** RECORD EXTRACTS follows **

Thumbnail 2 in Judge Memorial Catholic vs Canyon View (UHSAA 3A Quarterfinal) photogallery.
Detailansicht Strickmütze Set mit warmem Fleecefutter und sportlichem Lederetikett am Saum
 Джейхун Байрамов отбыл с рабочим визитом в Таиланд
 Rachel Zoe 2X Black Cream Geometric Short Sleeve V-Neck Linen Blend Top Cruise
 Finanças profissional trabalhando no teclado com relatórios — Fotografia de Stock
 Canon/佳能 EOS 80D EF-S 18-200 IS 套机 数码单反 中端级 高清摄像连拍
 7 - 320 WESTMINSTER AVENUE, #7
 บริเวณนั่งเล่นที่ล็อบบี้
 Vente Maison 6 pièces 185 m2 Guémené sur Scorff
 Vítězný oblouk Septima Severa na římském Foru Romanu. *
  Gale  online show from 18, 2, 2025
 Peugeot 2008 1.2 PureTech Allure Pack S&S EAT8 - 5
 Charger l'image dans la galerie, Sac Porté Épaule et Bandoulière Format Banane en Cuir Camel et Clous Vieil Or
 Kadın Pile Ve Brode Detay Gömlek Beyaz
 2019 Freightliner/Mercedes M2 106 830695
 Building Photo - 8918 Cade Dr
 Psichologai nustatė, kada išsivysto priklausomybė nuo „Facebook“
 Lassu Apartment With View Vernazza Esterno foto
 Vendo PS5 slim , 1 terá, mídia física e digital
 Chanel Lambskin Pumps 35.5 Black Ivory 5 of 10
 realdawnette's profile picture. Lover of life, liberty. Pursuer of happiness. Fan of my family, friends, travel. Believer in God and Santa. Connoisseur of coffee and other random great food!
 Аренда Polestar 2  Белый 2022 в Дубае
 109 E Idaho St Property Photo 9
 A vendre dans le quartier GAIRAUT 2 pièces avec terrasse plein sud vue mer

** End of RECORD EXTRACTS **

### WHAT IS REQUIRED
Output the lines from the one holding "Peugeot 2008 1.2" to the last line of the material, inclusive, exactly as they appear. Add no others.

### RESPONSE TO THIS TASK
 Peugeot 2008 1.2 PureTech Allure Pack S&S EAT8 - 5
 Charger l'image dans la galerie, Sac Porté Épaule et Bandoulière Format Banane en Cuir Camel et Clous Vieil Or
 Kadın Pile Ve Brode Detay Gömlek Beyaz
 2019 Freightliner/Mercedes M2 106 830695
 Building Photo - 8918 Cade Dr
 Psichologai nustatė, kada išsivysto priklausomybė nuo „Facebook“
 Lassu Apartment With View Vernazza Esterno foto
 Vendo PS5 slim , 1 terá, mídia física e digital
 Chanel Lambskin Pumps 35.5 Black Ivory 5 of 10
 realdawnette's profile picture. Lover of life, liberty. Pursuer of happiness. Fan of my family, friends, travel. Believer in God and Santa. Connoisseur of coffee and other random great food!
 Аренда Polestar 2  Белый 2022 в Дубае
 109 E Idaho St Property Photo 9
 A vendre dans le quartier GAIRAUT 2 pièces avec terrasse plein sud vue mer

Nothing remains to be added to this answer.